[DATA RECORDS Boundary: Start]

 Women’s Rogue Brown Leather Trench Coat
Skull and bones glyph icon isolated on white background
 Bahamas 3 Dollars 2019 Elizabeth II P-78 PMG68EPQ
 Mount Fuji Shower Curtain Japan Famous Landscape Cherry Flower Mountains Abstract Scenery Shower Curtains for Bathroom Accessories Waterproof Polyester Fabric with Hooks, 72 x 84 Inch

[DATA RECORDS Boundary: End]
[DATA RECORDS Boundary: Start]

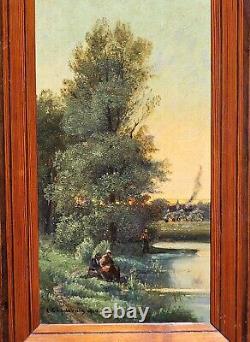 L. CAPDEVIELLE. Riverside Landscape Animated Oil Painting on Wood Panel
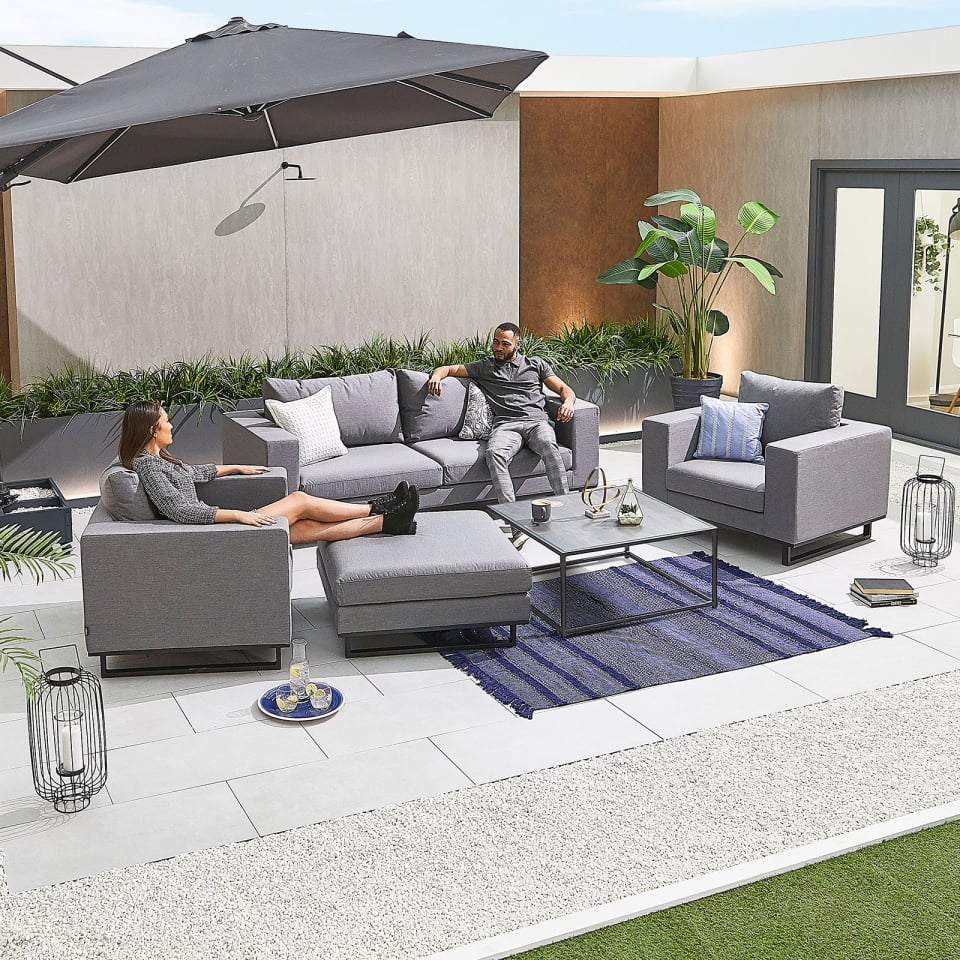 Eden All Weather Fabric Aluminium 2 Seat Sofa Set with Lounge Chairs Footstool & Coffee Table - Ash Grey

[DATA RECORDS Boundary: End]
[DATA RECORDS Boundary: Start]

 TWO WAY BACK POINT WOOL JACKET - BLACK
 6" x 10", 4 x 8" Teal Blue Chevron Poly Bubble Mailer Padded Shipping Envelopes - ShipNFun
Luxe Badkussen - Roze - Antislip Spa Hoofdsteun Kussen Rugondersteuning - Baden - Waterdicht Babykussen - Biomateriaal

[DATA RECORDS Boundary: End]

# PROMPT
Beginning at the line with "Envelopes - ShipNFun" and ending at the line with "Luxe Badkussen - Roze", reproduce each line of the data above exactly, and add no other lines.

# TASK ANSWER
 6" x 10", 4 x 8" Teal Blue Chevron Poly Bubble Mailer Padded Shipping Envelopes - ShipNFun
Luxe Badkussen - Roze - Antislip Spa Hoofdsteun Kussen Rugondersteuning - Baden - Waterdicht Babykussen - Biomateriaal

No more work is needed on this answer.